Jonah

Jonah.

JONAH—THE MISUNDERSTOOD PROPHET

Steven Collins

If I were to ask you what Old Testament prophet is known as the “disobedient prophet” or the “prophet with a bad attitude,” many would instantly reply that the prophet was Jonah. Jonah was unquestionably disobedient to God’s initial command to go to Nineveh, and the book of Jonah does end with Jonah in a deep funk regarding the outcome of his prophetic mission.

What would you answer if I asked you this question: What Old Testament prophet did Jesus Christ personally choose to equate himself to in his role as the Messiah? The answer to this question is also the prophet Jonah. In Matthew 12:38-41, 16:4 and Luke 11:29-32, Jesus Christ personally likened himself to the prophet Jonah. Jesus specifically said that even as Jonah was “three days and three nights in the whale’s belly,” so would he be in “the heart of the earth” for that same period of time.

Why did Jesus Christ compare himself so closely to a “disobedient” prophet? This article will make the case that there is a lot more to the story of Jonah than Christians have generally realized. Here is, as Paul Harvey would have said, “the rest of the story.”

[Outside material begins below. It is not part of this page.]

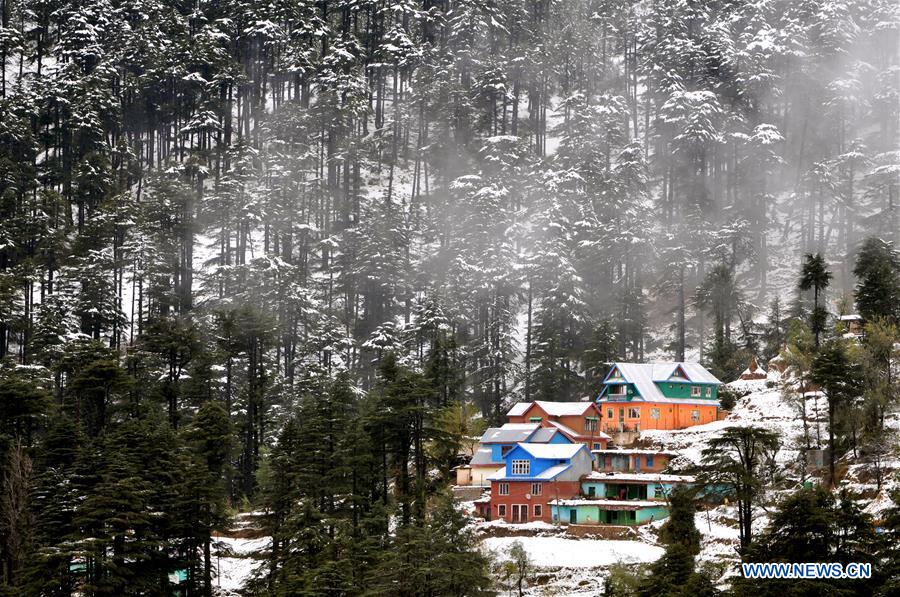 KASHMIR-JAMMU-SNOWFALL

Many do not realize that Jonah is mentioned elsewhere in the Old Testament besides the book that bears his name. The information that is in the other discussion of Jonah’s life helps put the book of Jonah in its proper perspective. II Kings 14:23-29 relates the fact that Jonah was a prophet during the reign of King Jeroboam II of the northern kingdom of Israel. This passage includes some surprising information. Verses 23-24 record that Jeroboam II reigned for 41 years and that he was an “evil” king like most of the kings of Israel. Jeroboam II no doubt did not see himself in that light, but the Bible makes this observation because Jeroboam II did not return his kingdom to the worship of the God of the Bible. In spite of Jeroboam II’s sinfulness, Verse 25-28 relates that God had mercy upon the kingdom of Israel and strengthened the kingdom of Israel under Jeroboam II’s reign. The kingdom of Israel regained lost territory and even conquered the Syrian cities of Hamath and Damascus. Besides giving us a historical account, this part of the Bible also gives us encouragement that God can choose to have mercy on nations in spite of their sins.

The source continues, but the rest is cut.